L’Association québécoise des pharmaciens propriétaires (AQPP) était de passage vendredi en commission parlementaire pour tenter de convaincre Québec des impacts des compressions sur la rentabilité des pharmacies et sur les patients.

Les pharmaciens estiment ne pas être responsables de l’augmentation des coûts. « Nous ne sommes pas à l’origine de la demande, il y a plus de prescriptions. Nous nous demandons ce que nous avons fait pour mériter un tel traitement, c’est un peu facile de blâmer les pharmaciens », a dit le président de l’AQPP, Jean Thiffault.

Mais Gaétan Barrette reste déterminé. Aux journalistes, il a dit que des économies de 133,5 millions devaient se concrétiser pour Québec en honoraires aux pharmaciens. Il ne croit pas que les réductions de services se concrétiseront. « On est dans le jeu de la négociation.
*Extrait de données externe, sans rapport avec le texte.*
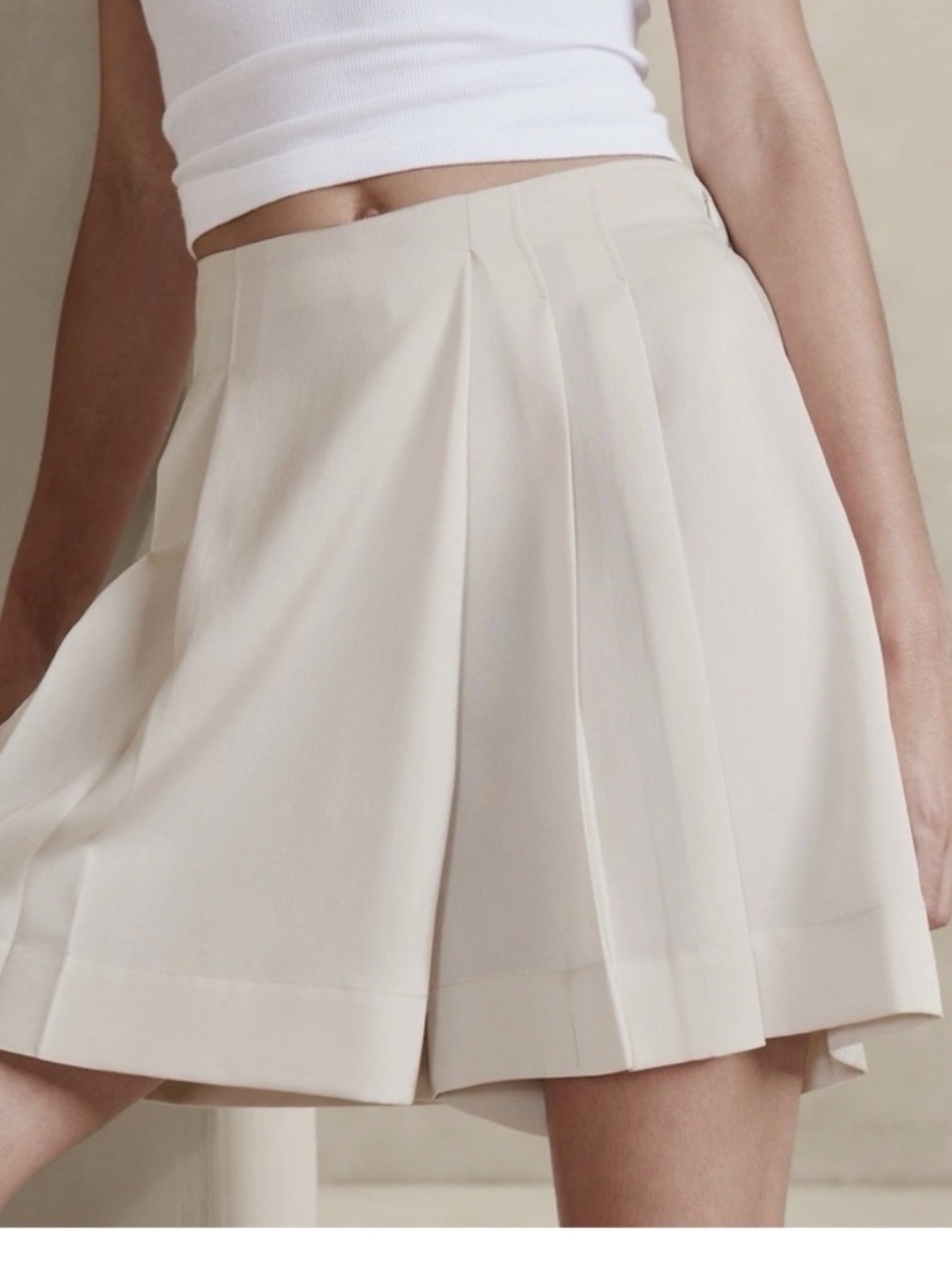 Banana Republic Cream Pleated Skort Sz-L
Je ne crois pas que ça va arriver », a-t-il dit.

Le Parti québécois a pour sa part qualifié le projet de loi 28 de « petit mammouth » s’inspirant des tactiques du gouvernement de Stephen Harper, car il contient des dispositions sur des sujets variés. « C’est une dérive parlementaire », a dénoncé le député Nicolas Marceau.

Économies possibles ?

Le secteur du médicament a présenté d’autres idées d’économies au gouvernement.

Les assureurs privés estiment que leurs assurés économiseraient au moins 125 millions de dollars par an si les honoraires des pharmaciens étaient les mêmes que pour les assurés du régime public. Une économie qui profiterait à Québec en tant qu’employeur qui cotise aux régimes d’assurance des employés de la fonction publique. « Les Québécois assurés au privé paient en moyenne 17 % de plus pour leurs médicaments », a dénoncé Richard Gagnon, du Regroupement des assureurs de personne à charte du Québec. Si les pharmaciens, appauvris par le projet de loi 28, tentent de refiler la facture aux assureurs privés, l’écart pourrait gonfler davantage, s’inquiète-t-il.
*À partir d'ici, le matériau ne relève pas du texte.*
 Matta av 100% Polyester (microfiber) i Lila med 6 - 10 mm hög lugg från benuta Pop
L’inscription rapide des médicaments génériques à la liste des médicaments remboursés par la RAMQ après l’expiration d’un brevet de médicament d’origine est une autre voie à explorer. « En Ontario, c’est un jour ou deux, pas deux mois comme ici », déplore Jean Thiffault, de l’AQPP.

GMF : Barrette « scandalisé » par l’attitude de médecins

Québec — Le ministre de la Santé, Gaétan Barrette, se dit « scandalisé » par l’attitude et le rendement fourni par certains médecins oeuvrant dans les groupes de médecine familiale (GMF).
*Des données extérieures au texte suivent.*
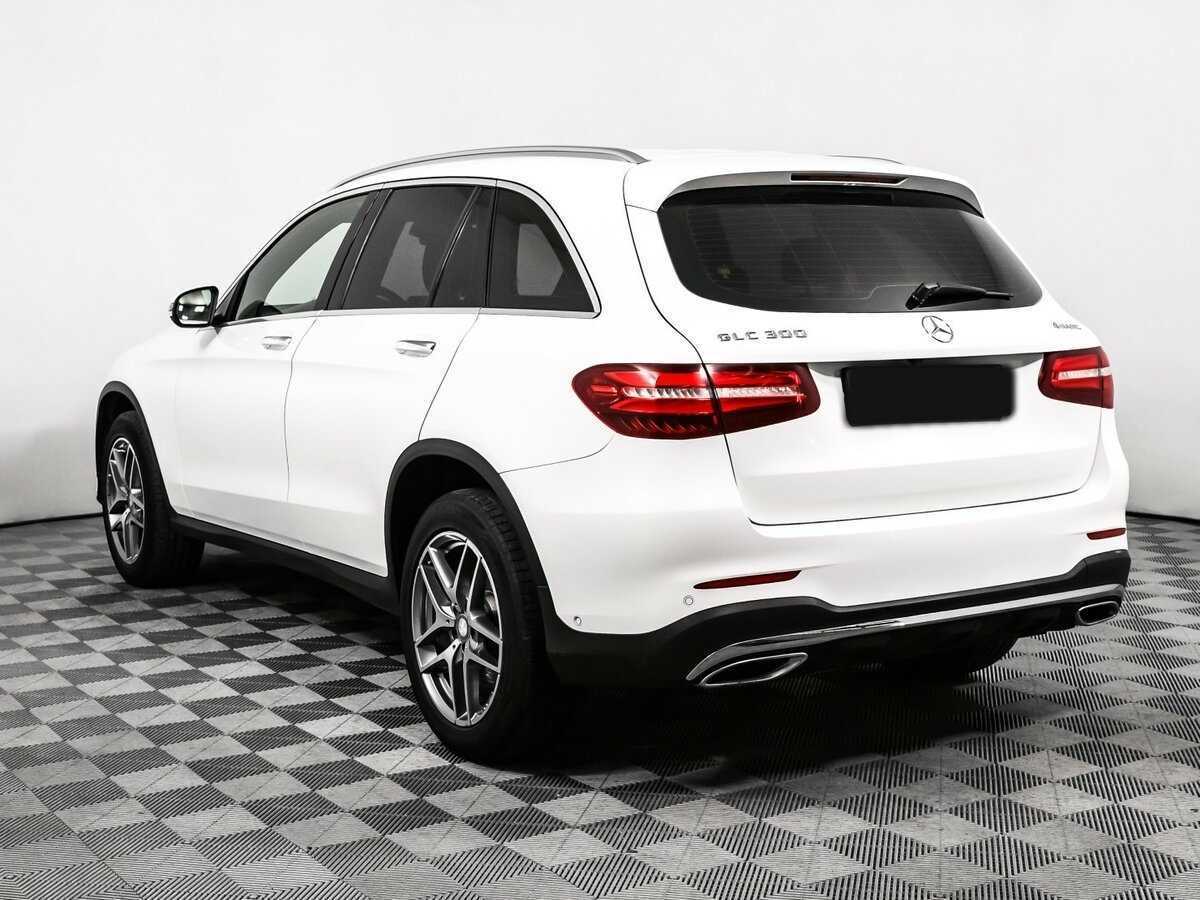 Mercedes-Benz GLC с пробегом — 2015 год. Фото: #6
M. Barrette a réagi avec virulence vendredi à un reportage de Radio-Canada portant sur le quart des 259 GMF répartis sur le territoire qui prétendent être incapables de respecter les cibles imposées par Québec sur le nombre de patients et les heures d’ouverture.

Loin d’être ému, le ministre s’en est pris aux médecins qui choisissent d’alléger leur pratique au nom de leur qualité de vie.

« J’ai vu trois médecins avoir la candeur de dire à la population : “Nous, on choisit notre qualité de vie plutôt que le service aux patients, et non seulement on choisit ça, mais on vous demande de nous payer pareil.” Heille ! », a fulminé M. Barrette.

« On ne peut pas prendre la population en otage en disant : “Moi, je me choisis. J’ai beau avoir un contrat avec la population, payez-moi quand même sinon j’arrête de donner des services” », a-t-il ajouté.

Le gouvernement ne demande pas aux médecins de travailler comme des forçats, mais d’adapter leur pratique aux besoins de la population, a fait valoir le ministre.